- WORK ITEM
Please leave out pictures and print exactly the lines from the one that has "Women in an" through the last line of the material below.

- SOURCE DATA
··········
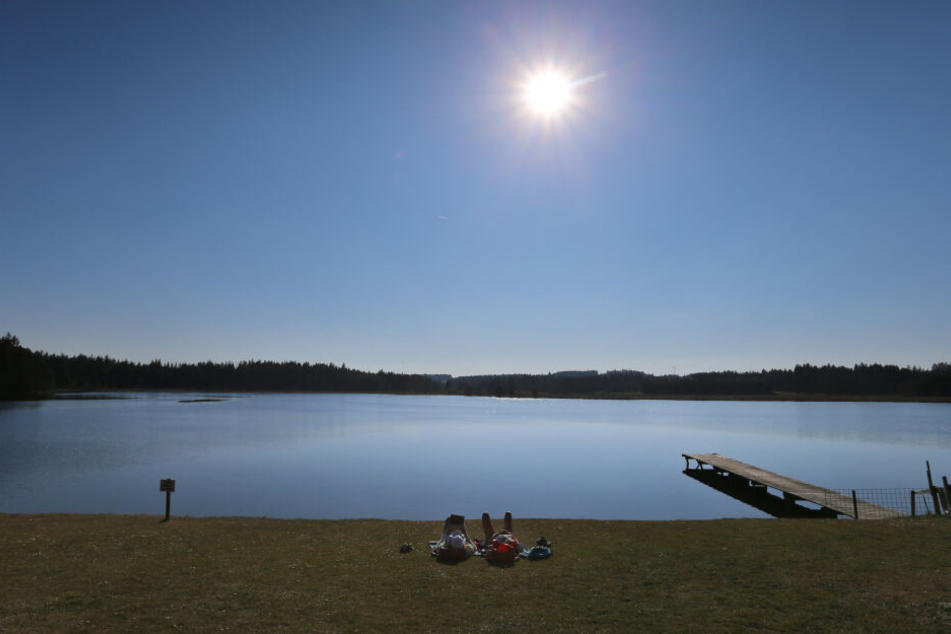Zwei Frauen genießen am Ufer des Elbsees den Sonnenschein.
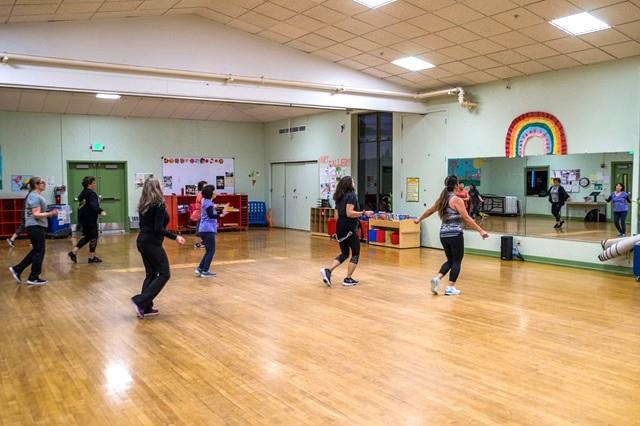 Women in an indoor exercise class in the Multi Purpose Room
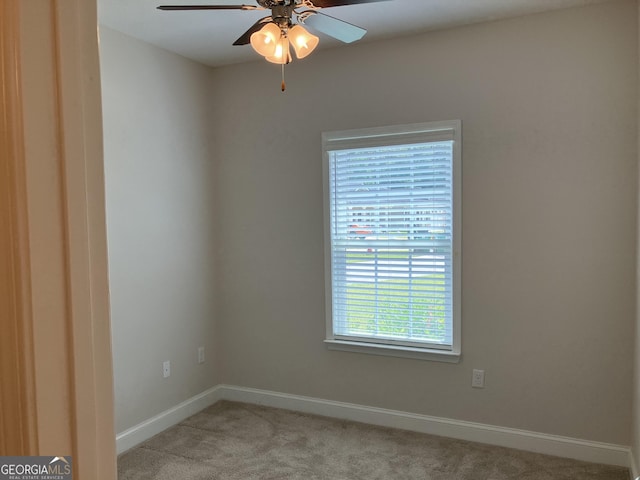 spare room with light carpet and ceiling fan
··········
- RESULT OF THIS EXERCISE
 Women in an indoor exercise class in the Multi Purpose Room
 spare room with light carpet and ceiling fan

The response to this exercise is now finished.